• **The task**
Where the line containing "Alfred Dunner shirt" appears in the records below, begin there and output each line verbatim through the last line.

• **Source material**

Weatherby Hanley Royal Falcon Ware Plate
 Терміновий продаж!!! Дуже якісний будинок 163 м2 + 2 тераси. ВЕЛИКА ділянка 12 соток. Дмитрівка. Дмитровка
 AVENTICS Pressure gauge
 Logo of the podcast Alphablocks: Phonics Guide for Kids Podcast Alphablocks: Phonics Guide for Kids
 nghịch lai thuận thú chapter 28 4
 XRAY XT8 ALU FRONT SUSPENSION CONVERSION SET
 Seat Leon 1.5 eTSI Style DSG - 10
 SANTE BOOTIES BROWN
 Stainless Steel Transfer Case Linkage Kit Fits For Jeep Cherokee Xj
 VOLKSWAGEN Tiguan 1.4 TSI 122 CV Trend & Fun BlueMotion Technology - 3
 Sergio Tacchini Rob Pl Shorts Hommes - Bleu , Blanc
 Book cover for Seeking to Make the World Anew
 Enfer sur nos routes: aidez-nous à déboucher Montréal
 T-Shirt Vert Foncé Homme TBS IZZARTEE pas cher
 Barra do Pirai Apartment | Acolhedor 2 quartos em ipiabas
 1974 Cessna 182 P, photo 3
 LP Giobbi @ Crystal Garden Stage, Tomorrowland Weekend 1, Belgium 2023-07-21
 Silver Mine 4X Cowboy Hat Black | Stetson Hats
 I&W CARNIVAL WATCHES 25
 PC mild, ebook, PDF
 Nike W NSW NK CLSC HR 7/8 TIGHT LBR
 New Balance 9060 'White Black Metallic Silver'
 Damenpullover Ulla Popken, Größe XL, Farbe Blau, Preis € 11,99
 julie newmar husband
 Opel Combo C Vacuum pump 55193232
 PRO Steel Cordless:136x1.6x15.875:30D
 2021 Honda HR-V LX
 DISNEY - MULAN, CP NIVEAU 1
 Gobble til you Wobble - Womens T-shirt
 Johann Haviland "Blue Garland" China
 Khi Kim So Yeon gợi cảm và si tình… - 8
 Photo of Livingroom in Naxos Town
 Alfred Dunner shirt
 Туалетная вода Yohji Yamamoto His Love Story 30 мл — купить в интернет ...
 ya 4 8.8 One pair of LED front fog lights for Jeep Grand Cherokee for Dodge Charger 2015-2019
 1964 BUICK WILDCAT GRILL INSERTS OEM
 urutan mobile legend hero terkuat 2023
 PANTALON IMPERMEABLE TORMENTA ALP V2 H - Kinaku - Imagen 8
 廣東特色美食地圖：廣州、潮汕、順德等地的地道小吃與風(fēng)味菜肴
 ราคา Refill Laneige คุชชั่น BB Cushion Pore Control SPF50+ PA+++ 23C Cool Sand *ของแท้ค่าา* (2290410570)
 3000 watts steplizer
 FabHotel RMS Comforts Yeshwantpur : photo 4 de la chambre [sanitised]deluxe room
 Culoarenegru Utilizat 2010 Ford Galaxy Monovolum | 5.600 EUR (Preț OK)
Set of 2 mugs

• **Solution to the exercise**
 Alfred Dunner shirt
 Туалетная вода Yohji Yamamoto His Love Story 30 мл — купить в интернет ...
 ya 4 8.8 One pair of LED front fog lights for Jeep Grand Cherokee for Dodge Charger 2015-2019
 1964 BUICK WILDCAT GRILL INSERTS OEM
 urutan mobile legend hero terkuat 2023
 PANTALON IMPERMEABLE TORMENTA ALP V2 H - Kinaku - Imagen 8
 廣東特色美食地圖：廣州、潮汕、順德等地的地道小吃與風(fēng)味菜肴
 ราคา Refill Laneige คุชชั่น BB Cushion Pore Control SPF50+ PA+++ 23C Cool Sand *ของแท้ค่าา* (2290410570)
 3000 watts steplizer
 FabHotel RMS Comforts Yeshwantpur : photo 4 de la chambre [sanitised]deluxe room
 Culoarenegru Utilizat 2010 Ford Galaxy Monovolum | 5.600 EUR (Preț OK)
Set of 2 mugs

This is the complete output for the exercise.